🤖 AI Summary
This work addresses natural-language-instruction-driven multi-robot collaborative pickup-and-delivery tasks. Methodologically, it introduces a language-driven hierarchical architecture: (i) a lightweight LLaMA3 model parses spoken or textual instructions; (ii) Voronoi tessellation dynamically partitions the workspace and generates boundary relay points to enable seamless robot handover; and (iii) a finite-state machine integrated with ROS2 handles real-time path planning and low-level control. Evaluated in Gazebo simulation and on physical TurtleBot3 platforms, the system demonstrates scalability to arbitrary team sizes with stable task completion cost, 55% average per-robot workload reduction, and sublinear growth in relay agent count—significantly enhancing resource efficiency and scalability. The core contribution is a tightly coupled language–spatial–control design, pioneering the use of Voronoi-based relay mechanisms for natural-language-guided multi-robot cooperative delivery.
📝 Abstract
We present DELIVER (Directed Execution of Language-instructed Item Via Engineered Relay), a fully integrated framework for cooperative multi-robot pickup and delivery driven by natural language commands. DELIVER unifies natural language understanding, spatial decomposition, relay planning, and motion execution to enable scalable, collision-free coordination in real-world settings.

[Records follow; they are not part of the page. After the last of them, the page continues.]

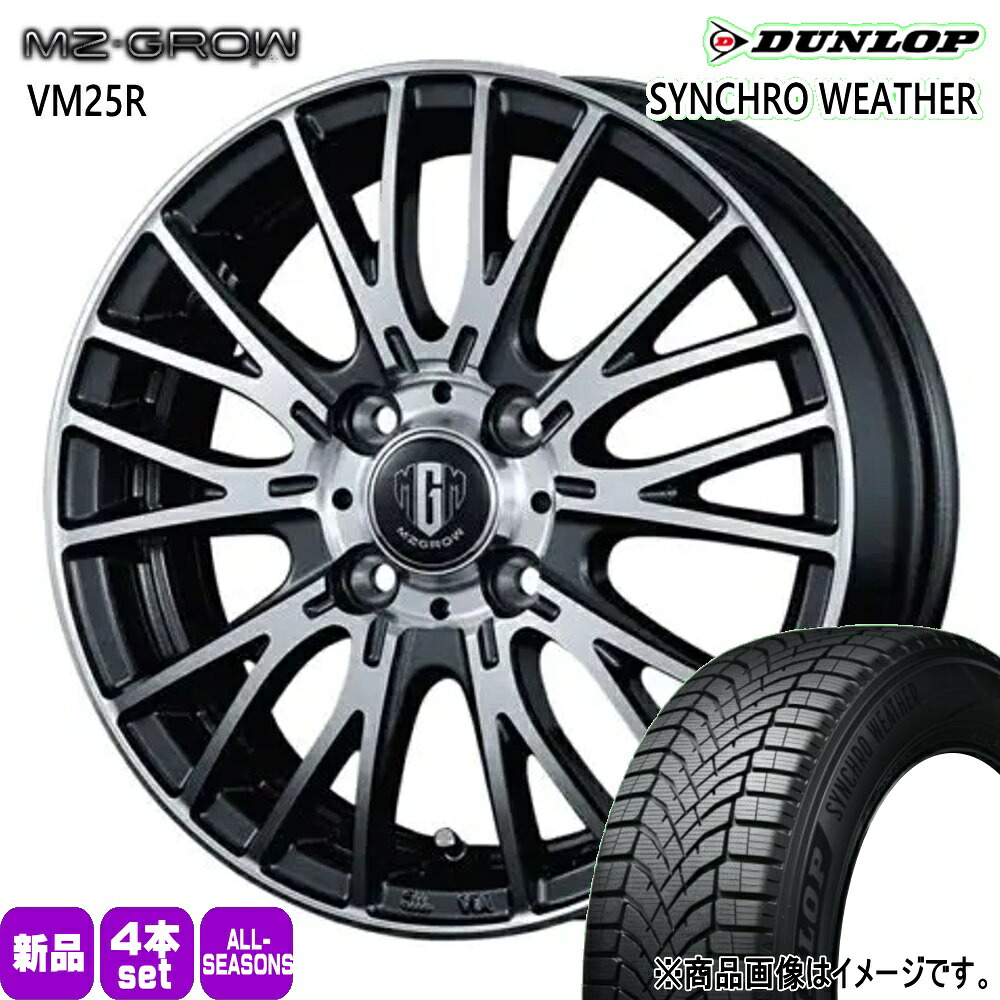 165/65R14 79H シンクロウェザー SYNCHRO WEATHER ダンロップ DUNLOP 新品 夏冬兼用 オールシーズンタイヤ ホイール 4本セット KIT JAPAN MZ-GROW VM25R 14&times;4.5+45 4/100｜タイヤショップ78 58,344円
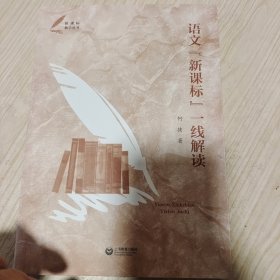 语文“新课标”一线解读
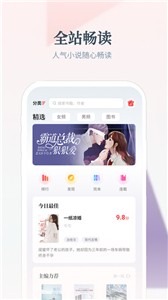 热料小说免费版截图3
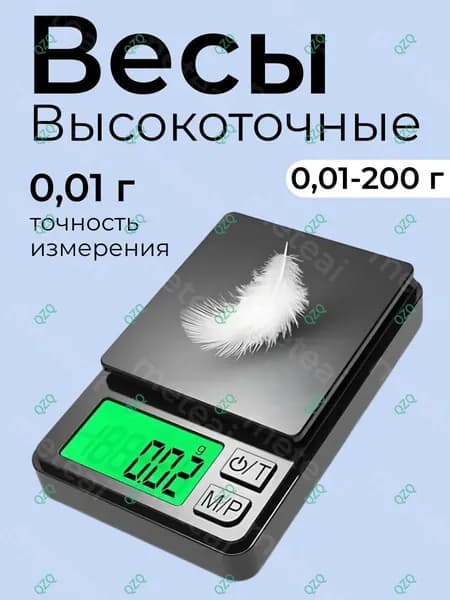 Мини электронные весы 200 г 0.01 г для ювелирных изделий
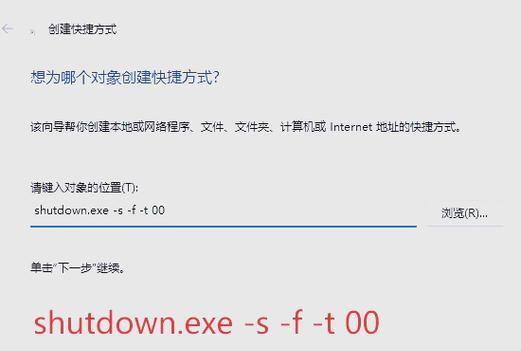 电脑如何设置定时关机？下班后自动关机怎么做？  第2张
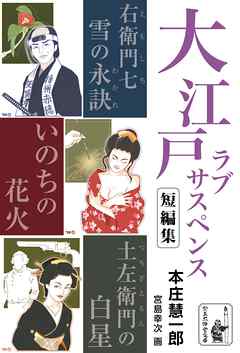 大江戸ラブサスペンス短編集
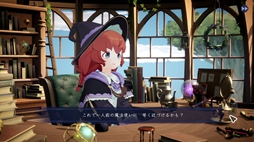 Memory of Memorie : A Chill Story
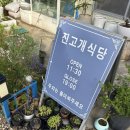 진고개식당 | 평창 켄싱턴호텔 근처 맛집 진고개식당 쌈밥정식 아이랑 저녁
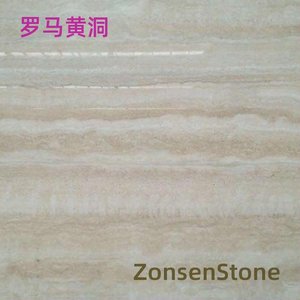 罗马黄洞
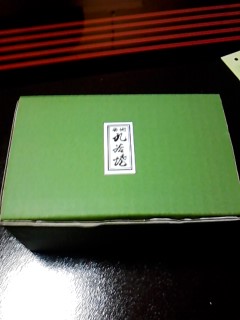 p2011_0215_165302 どーん。九谷焼!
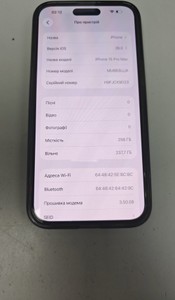 Б/в Мобільний телефон Apple iphone 15 pro max 256gb esim 01-200989201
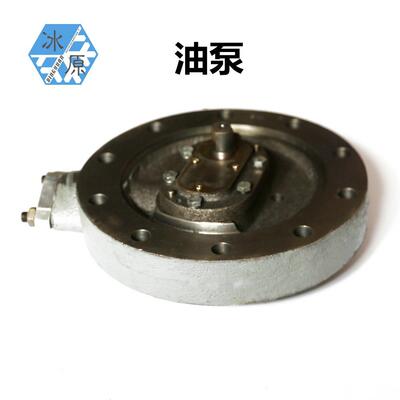 活塞机油泵总成烟台冰轮大连氨制冷压缩机外置油泵长寿命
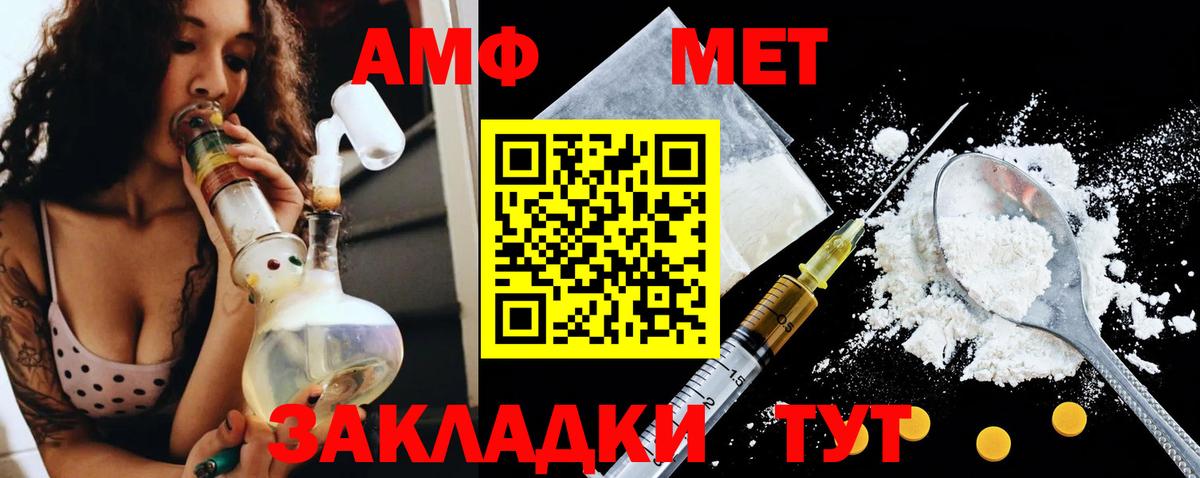 Amphetamine  Вход с VPN  Нижнекамск  АМФ VHQ 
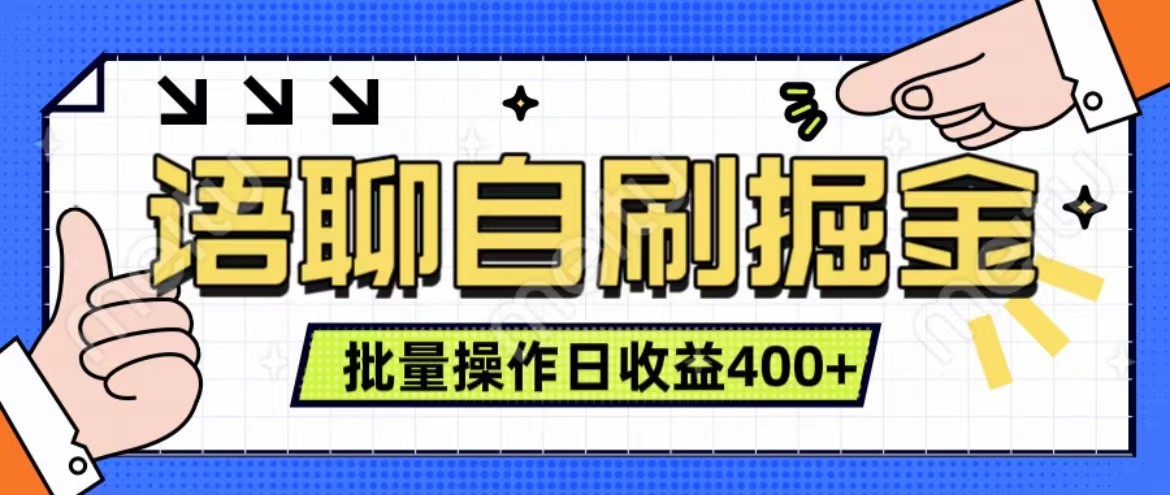 语聊自刷掘金项目 单人操作日入400+ 实时见收益项目 亲测稳定有效-玖卿社区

Given a spoken or written instruction, a lightweight instance of LLaMA3 interprets the command to extract pickup and delivery locations. The environment is partitioned using a Voronoi tessellation to define robot-specific operating regions. Robots then compute optimal relay points along shared boundaries and coordinate handoffs. A finite-state machine governs each robot's behavior, enabling robust execution. We implement DELIVER on the MultiTRAIL simulation platform and validate it in both ROS2-based Gazebo simulations and real-world hardware using TurtleBot3 robots. Empirical results show that DELIVER maintains consistent mission cost across varying team sizes while reducing per-agent workload by up to 55% compared to a single-agent system. Moreover, the number of active relay agents remains low even as team size increases, demonstrating the system's scalability and efficient agent utilization. These findings underscore DELIVER's modular and extensible architecture for language-guided multi-robot coordination, advancing the frontiers of cyber-physical system integration.